→ Listed entries
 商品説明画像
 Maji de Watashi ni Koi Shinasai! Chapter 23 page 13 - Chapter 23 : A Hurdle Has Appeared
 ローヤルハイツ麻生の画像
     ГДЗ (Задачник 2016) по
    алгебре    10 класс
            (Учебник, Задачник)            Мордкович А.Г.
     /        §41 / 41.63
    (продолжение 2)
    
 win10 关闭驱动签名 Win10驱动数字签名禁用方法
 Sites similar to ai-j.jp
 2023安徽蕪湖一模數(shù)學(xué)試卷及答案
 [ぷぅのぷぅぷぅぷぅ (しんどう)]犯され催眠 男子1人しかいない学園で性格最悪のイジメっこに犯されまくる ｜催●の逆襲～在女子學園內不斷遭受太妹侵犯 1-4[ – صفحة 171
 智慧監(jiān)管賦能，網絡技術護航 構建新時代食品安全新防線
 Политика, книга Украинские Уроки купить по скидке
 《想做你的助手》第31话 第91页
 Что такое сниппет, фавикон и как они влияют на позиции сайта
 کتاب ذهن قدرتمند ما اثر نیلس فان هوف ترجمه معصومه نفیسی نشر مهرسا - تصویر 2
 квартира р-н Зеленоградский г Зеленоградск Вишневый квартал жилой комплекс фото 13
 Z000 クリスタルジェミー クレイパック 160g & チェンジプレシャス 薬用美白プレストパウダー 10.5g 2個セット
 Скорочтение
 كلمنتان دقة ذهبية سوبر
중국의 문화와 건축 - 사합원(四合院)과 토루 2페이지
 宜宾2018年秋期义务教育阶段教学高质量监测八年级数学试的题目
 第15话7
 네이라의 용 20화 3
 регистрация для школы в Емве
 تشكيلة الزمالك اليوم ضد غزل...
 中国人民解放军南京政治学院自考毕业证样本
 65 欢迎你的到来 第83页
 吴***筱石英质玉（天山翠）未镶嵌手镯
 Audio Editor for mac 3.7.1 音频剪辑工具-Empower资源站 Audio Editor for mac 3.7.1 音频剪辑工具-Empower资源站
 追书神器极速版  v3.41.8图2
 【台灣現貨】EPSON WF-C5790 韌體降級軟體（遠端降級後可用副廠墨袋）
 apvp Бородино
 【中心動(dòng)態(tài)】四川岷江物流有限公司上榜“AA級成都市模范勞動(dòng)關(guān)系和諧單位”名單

→ What the task asks
Please output only the lines from the first line of the entries through the line with "2023安徽蕪湖一模數(shù)學(xué)試卷及答案", both included, exactly as written.

→ Result of the task
 商品説明画像
 Maji de Watashi ni Koi Shinasai! Chapter 23 page 13 - Chapter 23 : A Hurdle Has Appeared
 ローヤルハイツ麻生の画像
     ГДЗ (Задачник 2016) по
    алгебре    10 класс
            (Учебник, Задачник)            Мордкович А.Г.
     /        §41 / 41.63
    (продолжение 2)
    
 win10 关闭驱动签名 Win10驱动数字签名禁用方法
 Sites similar to ai-j.jp
 2023安徽蕪湖一模數(shù)學(xué)試卷及答案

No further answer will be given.